The data rescue intern:
My data rescue internship was centered on climate data from Parks Canada from Nunavut national parks under the guidance of researcher Florence Lapierre Poulin. The data were collected from four different weather stations: Tanquary Fjord, Lake Hazen, Ward Hunt, and Conger Island from 1989 until 2019. Data were downloaded annually from the weather station sensors at each location and were recently amalgamated into a single database by Florence.
Many researchers wish to use the data, but the state of the database was problematic at the time for multiple reasons. The data collection methods were inconsistent between years as sensors where replaced or upgraded over the years and as a result different headers for the same variable existed, or certain time spans were missing headers, or there were inconsistencies with units of measurement as well as of time. In some cases values were in error or unrealistic for various reasons (sensor error).
Due to time constraints, Florence needed a data rescue intern to aid in the cleaning, formatting, and streamlining of the data so that it could be easily shared on the Open Government data portal.
During my internship I accomplished the following; I first separated the database into Comma Separated Values (CSV) files according to data type (hourly or daily readings) and location (Tanquary, Hazen, etc.).

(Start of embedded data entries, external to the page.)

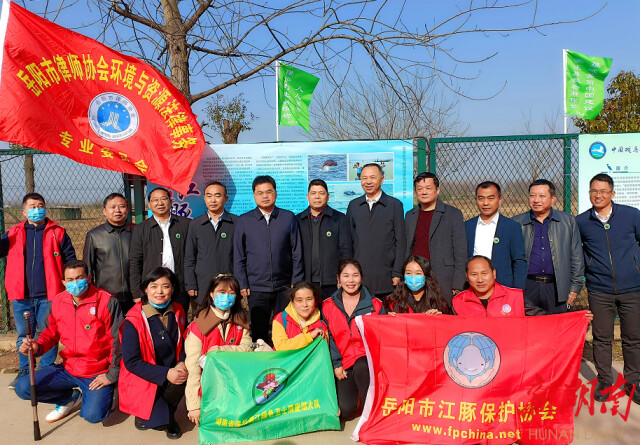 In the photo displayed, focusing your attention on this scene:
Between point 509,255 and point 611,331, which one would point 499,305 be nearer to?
point 509,255

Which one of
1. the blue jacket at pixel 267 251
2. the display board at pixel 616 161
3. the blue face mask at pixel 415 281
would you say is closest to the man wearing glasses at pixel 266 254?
the blue jacket at pixel 267 251

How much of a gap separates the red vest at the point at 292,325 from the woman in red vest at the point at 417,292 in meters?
0.61

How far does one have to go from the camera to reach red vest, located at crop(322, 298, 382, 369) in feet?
12.3

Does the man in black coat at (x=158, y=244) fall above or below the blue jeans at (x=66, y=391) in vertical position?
above

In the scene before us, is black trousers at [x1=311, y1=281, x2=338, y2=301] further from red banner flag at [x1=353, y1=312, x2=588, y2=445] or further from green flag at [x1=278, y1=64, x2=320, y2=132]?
green flag at [x1=278, y1=64, x2=320, y2=132]

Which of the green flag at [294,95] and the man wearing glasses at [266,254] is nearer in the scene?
the man wearing glasses at [266,254]

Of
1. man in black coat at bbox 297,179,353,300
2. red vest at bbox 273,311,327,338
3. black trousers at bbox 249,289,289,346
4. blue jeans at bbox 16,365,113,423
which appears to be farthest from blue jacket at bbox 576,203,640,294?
blue jeans at bbox 16,365,113,423

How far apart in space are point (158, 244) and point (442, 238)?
2.69 metres

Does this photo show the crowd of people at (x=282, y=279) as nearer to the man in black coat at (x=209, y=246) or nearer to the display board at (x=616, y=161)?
the man in black coat at (x=209, y=246)

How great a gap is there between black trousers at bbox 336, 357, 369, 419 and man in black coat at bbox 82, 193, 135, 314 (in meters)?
2.28

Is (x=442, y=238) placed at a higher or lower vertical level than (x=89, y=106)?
lower

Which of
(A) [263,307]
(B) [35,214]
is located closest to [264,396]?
(A) [263,307]

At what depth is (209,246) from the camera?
14.5 feet

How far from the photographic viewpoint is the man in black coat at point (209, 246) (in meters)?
4.39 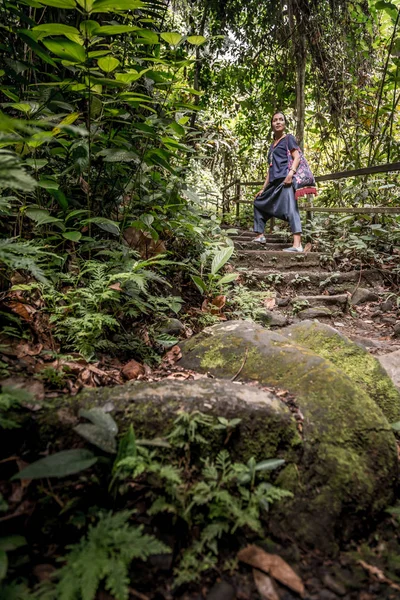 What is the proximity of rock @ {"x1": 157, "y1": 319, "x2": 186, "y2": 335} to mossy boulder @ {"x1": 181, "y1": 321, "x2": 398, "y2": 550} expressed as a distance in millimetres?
601

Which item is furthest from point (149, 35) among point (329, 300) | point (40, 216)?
point (329, 300)

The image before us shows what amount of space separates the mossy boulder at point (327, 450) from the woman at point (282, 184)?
3.30 meters

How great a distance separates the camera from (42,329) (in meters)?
1.86

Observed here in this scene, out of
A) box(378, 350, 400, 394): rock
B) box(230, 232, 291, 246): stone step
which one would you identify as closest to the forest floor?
box(378, 350, 400, 394): rock

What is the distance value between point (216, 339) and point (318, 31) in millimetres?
6503

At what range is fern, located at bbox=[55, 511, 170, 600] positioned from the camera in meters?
0.88

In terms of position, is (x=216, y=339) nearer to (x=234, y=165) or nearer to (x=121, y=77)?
(x=121, y=77)

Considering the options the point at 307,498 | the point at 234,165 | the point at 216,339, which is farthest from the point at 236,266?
the point at 234,165

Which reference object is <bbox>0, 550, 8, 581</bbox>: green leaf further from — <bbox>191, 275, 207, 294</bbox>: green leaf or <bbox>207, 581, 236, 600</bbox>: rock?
<bbox>191, 275, 207, 294</bbox>: green leaf

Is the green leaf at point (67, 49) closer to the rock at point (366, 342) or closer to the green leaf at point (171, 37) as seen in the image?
the green leaf at point (171, 37)

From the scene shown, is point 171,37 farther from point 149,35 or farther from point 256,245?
point 256,245

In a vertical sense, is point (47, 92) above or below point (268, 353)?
above

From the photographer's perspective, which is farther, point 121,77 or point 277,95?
point 277,95

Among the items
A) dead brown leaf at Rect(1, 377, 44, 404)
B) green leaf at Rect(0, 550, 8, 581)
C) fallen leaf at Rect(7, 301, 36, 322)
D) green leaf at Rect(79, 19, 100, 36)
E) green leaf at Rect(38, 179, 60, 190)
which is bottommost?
green leaf at Rect(0, 550, 8, 581) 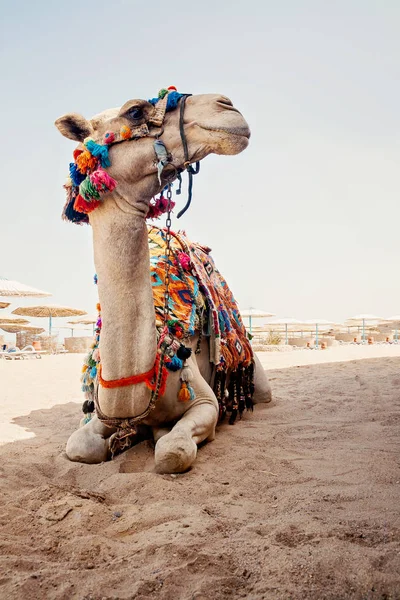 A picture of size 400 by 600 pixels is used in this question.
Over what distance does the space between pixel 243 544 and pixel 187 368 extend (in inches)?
65.3

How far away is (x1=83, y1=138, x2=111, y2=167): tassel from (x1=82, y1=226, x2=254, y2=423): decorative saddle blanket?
2.70 feet

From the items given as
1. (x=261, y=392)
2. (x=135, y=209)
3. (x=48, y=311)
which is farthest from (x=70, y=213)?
(x=48, y=311)

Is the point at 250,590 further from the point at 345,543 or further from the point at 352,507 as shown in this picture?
the point at 352,507

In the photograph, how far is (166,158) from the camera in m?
2.90

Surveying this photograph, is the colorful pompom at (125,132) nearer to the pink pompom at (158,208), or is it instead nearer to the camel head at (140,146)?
the camel head at (140,146)

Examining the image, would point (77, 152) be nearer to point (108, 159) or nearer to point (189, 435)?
point (108, 159)

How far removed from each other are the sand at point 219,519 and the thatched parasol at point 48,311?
21701 mm

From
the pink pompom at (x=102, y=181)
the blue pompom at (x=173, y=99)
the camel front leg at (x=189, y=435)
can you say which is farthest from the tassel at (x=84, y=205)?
the camel front leg at (x=189, y=435)

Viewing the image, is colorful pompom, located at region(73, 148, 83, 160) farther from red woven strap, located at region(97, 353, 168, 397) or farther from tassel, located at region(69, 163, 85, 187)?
red woven strap, located at region(97, 353, 168, 397)

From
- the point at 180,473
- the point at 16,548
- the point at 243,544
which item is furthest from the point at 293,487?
the point at 16,548

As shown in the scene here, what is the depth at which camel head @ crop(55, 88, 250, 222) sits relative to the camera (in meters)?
2.86

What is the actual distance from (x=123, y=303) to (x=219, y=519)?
1.23 m

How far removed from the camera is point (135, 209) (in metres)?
2.94

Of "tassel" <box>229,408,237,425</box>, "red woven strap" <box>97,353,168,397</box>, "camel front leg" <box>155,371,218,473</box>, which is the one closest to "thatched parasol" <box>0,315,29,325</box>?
"tassel" <box>229,408,237,425</box> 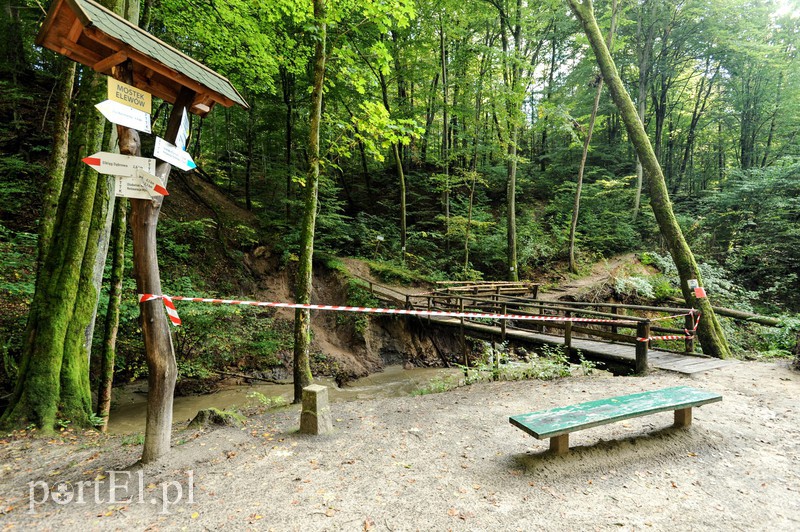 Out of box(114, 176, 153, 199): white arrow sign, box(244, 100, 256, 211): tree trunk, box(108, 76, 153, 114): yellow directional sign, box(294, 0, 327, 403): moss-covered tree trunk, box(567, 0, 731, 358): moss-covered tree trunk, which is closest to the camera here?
box(108, 76, 153, 114): yellow directional sign

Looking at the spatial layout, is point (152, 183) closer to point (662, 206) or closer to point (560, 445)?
point (560, 445)

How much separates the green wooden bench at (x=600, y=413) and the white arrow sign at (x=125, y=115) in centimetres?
422

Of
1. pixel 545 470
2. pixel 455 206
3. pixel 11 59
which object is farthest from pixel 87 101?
pixel 455 206

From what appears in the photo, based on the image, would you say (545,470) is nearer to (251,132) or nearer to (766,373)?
(766,373)

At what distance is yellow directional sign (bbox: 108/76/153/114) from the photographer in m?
2.67

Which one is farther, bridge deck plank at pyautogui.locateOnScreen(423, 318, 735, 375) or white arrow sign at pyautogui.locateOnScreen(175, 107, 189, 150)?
bridge deck plank at pyautogui.locateOnScreen(423, 318, 735, 375)

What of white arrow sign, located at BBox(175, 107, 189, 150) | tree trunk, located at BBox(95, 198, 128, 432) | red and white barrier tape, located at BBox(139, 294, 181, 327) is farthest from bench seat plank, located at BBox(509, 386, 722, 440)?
tree trunk, located at BBox(95, 198, 128, 432)

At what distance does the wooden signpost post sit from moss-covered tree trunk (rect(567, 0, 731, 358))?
920 cm

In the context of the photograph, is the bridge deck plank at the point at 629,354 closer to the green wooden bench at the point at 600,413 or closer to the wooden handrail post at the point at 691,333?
the wooden handrail post at the point at 691,333

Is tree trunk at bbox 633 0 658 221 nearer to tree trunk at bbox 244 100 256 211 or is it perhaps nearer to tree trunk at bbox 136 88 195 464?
tree trunk at bbox 244 100 256 211

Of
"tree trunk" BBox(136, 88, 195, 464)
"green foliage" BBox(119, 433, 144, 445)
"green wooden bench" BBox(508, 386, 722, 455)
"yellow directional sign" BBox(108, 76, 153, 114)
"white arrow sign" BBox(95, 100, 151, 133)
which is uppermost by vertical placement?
"yellow directional sign" BBox(108, 76, 153, 114)

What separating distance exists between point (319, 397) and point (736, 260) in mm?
16300

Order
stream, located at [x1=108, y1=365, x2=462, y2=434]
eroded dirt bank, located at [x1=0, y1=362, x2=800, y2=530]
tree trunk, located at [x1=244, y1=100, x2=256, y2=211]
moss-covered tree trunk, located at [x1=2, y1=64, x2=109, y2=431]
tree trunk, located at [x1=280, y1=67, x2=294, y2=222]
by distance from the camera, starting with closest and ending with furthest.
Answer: eroded dirt bank, located at [x1=0, y1=362, x2=800, y2=530]
moss-covered tree trunk, located at [x1=2, y1=64, x2=109, y2=431]
stream, located at [x1=108, y1=365, x2=462, y2=434]
tree trunk, located at [x1=280, y1=67, x2=294, y2=222]
tree trunk, located at [x1=244, y1=100, x2=256, y2=211]

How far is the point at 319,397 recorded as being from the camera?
4.06 meters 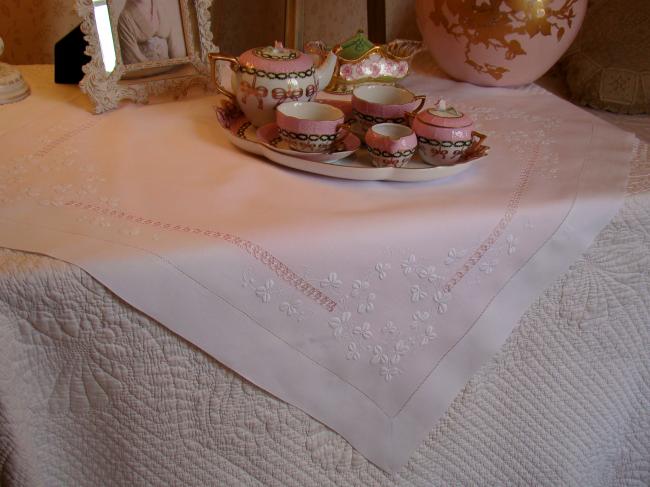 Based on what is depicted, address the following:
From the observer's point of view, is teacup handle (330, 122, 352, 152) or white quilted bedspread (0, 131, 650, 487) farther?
teacup handle (330, 122, 352, 152)

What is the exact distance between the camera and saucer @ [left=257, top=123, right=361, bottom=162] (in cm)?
72

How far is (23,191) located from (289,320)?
0.32 meters

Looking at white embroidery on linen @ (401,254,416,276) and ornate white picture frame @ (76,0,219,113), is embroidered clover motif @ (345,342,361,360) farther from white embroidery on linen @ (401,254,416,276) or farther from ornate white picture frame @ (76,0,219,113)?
ornate white picture frame @ (76,0,219,113)

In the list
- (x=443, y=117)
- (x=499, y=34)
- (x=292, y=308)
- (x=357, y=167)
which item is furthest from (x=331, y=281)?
(x=499, y=34)

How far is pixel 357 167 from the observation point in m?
0.71

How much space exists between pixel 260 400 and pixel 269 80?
0.41m

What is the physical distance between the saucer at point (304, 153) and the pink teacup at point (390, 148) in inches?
1.5

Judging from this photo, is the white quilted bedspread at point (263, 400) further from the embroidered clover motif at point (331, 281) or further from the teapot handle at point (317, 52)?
the teapot handle at point (317, 52)

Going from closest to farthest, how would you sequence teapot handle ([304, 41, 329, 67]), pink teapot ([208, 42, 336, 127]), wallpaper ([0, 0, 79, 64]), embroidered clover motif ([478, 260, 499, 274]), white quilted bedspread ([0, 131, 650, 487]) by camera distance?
white quilted bedspread ([0, 131, 650, 487]) < embroidered clover motif ([478, 260, 499, 274]) < pink teapot ([208, 42, 336, 127]) < teapot handle ([304, 41, 329, 67]) < wallpaper ([0, 0, 79, 64])

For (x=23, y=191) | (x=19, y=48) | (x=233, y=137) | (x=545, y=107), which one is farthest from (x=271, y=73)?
(x=19, y=48)

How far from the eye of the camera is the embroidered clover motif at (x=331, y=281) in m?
0.61

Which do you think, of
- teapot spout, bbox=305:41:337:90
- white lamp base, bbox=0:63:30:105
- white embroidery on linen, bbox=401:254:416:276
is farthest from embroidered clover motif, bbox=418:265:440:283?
white lamp base, bbox=0:63:30:105

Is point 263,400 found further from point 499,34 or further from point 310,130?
point 499,34

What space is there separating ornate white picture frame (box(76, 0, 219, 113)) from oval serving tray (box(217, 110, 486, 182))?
0.63ft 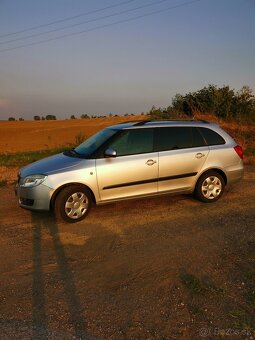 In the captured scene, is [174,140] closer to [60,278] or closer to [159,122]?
[159,122]

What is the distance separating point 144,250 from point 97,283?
1084mm

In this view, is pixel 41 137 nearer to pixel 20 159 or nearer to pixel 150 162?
pixel 20 159

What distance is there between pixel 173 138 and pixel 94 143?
1491 mm

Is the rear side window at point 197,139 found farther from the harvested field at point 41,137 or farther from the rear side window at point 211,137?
the harvested field at point 41,137

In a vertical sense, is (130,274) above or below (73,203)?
below

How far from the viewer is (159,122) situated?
7.28 metres

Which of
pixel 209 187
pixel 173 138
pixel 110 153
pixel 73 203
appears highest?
pixel 173 138

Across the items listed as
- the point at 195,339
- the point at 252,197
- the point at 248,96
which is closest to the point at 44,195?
the point at 195,339

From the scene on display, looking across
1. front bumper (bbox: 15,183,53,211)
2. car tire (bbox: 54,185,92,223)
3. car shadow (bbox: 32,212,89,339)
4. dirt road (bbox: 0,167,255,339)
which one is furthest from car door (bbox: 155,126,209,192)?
car shadow (bbox: 32,212,89,339)

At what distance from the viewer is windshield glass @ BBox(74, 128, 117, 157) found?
6691 mm

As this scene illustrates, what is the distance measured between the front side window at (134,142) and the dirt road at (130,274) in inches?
45.0

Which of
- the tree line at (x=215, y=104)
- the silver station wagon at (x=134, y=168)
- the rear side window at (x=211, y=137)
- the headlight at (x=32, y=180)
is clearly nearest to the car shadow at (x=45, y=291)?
the silver station wagon at (x=134, y=168)

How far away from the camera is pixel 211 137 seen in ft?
24.4

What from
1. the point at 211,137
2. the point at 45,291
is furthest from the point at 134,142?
the point at 45,291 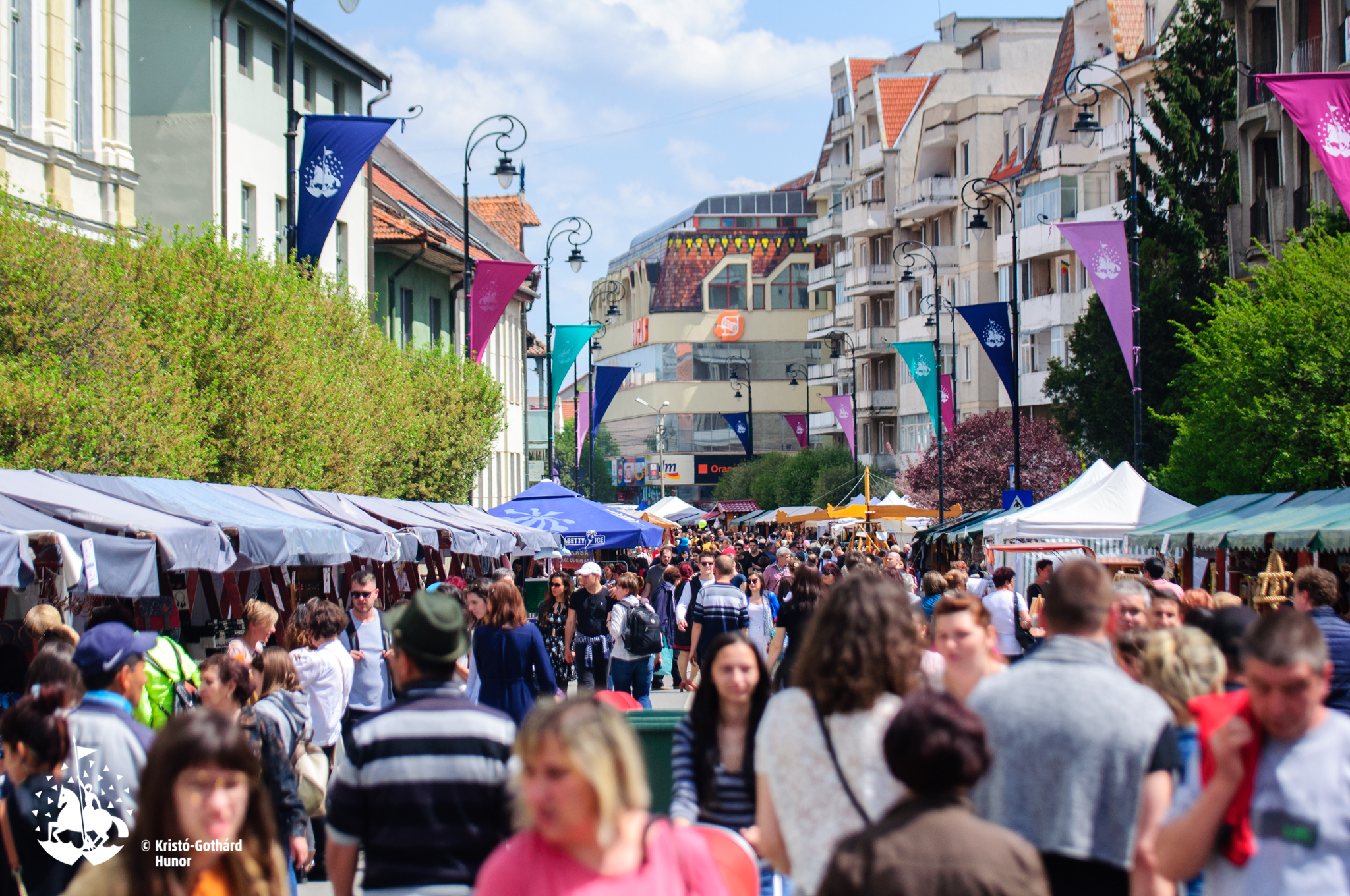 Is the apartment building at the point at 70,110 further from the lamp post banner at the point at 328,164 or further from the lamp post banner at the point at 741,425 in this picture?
the lamp post banner at the point at 741,425

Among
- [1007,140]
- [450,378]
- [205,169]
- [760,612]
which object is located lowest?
[760,612]

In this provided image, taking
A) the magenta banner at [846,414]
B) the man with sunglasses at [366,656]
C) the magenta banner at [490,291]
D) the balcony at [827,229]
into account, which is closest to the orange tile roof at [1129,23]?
the magenta banner at [846,414]

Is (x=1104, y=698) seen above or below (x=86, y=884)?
above

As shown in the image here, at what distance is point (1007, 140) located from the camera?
211ft

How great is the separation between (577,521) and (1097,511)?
27.8 ft

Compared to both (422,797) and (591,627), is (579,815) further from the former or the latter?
(591,627)

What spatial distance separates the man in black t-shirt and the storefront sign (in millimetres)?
96861

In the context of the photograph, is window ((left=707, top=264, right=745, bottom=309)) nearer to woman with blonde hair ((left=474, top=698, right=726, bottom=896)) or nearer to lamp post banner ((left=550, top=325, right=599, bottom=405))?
lamp post banner ((left=550, top=325, right=599, bottom=405))

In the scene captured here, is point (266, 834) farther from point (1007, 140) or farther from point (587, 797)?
point (1007, 140)

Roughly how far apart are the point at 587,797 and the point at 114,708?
2.71 metres

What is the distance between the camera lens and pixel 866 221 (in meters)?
75.6

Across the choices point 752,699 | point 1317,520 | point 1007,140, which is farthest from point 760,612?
point 1007,140

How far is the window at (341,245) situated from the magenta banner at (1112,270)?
1898 cm

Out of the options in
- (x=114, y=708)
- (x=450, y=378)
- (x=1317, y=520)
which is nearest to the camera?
(x=114, y=708) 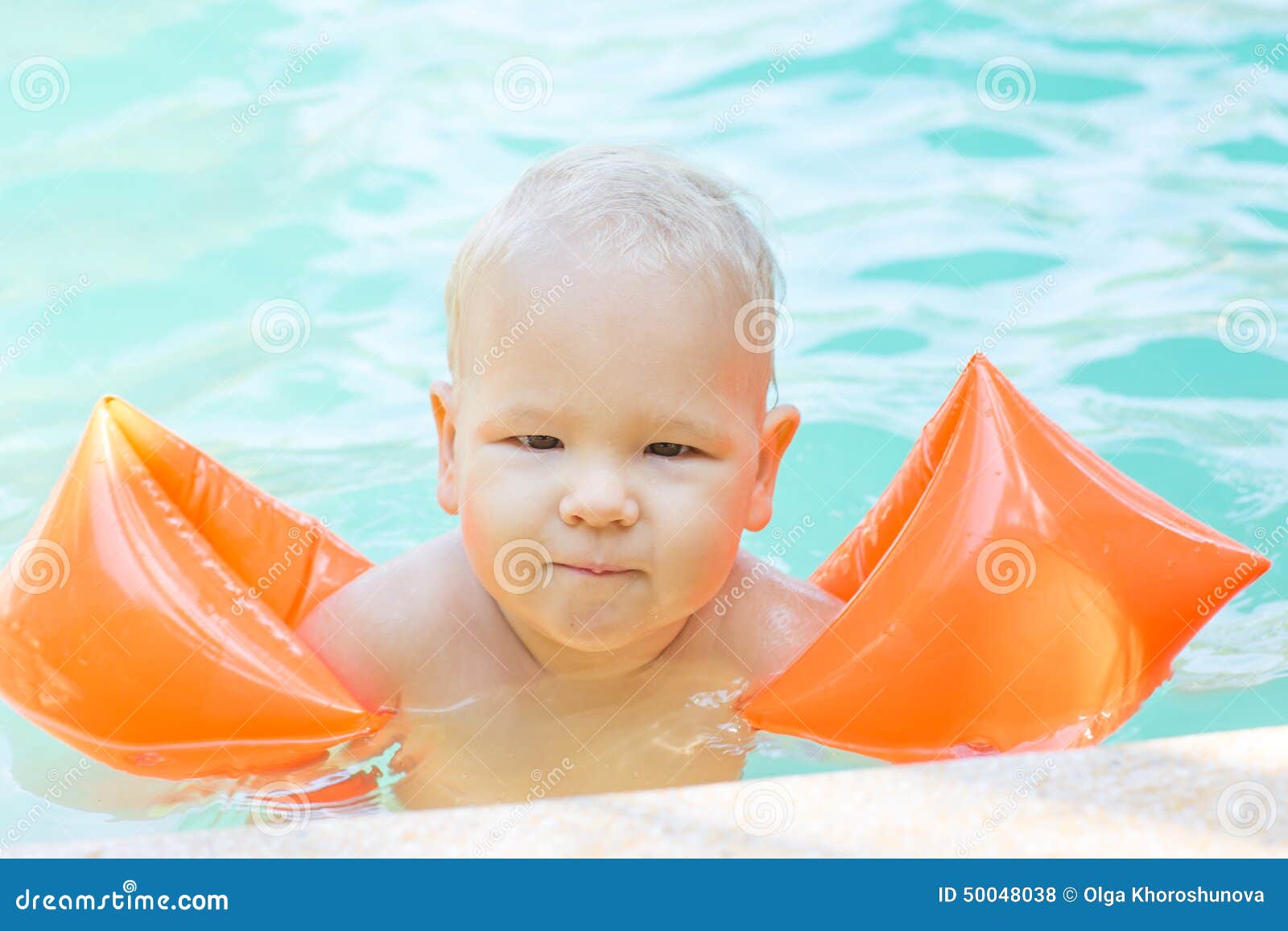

I did this to allow researchers to more easily parse readings into analysis software as most programs do not accept Excel spreadsheet files with multiple tabs. Secondly, much of the data was separated into chunks of time, e.g., 1989-2007 and 2007-2013, so I worked to fuse the data chunks within data types and locations so that each location had only one CSV for each data type encapsulating all the years of readings. This process involved aggregating redundant (repeated) columns. Columns, like relative humidity, were recorded by multiple sensors at the same location, and different names between sensors. This process also included standardizing timestamps between years and locations. Finally, I plotted data values across the year ranges to identify when data seemed off to discern if there were issues with sensors and/or units. When data was obviously incorrect I searched the raw files for any comments regarding those year ranges and identified issues with sensor icing and power outages. These issues and more were logged via various Error codes.
Additionally, I created separate metadata files containing descriptions of the various headers, units, and interpretations, as well as a legend for error codes and the full text of any logged errors. I also created a data management plan for future database managers so that they could easily upload data in a manner that would keep the data clean and easily managed.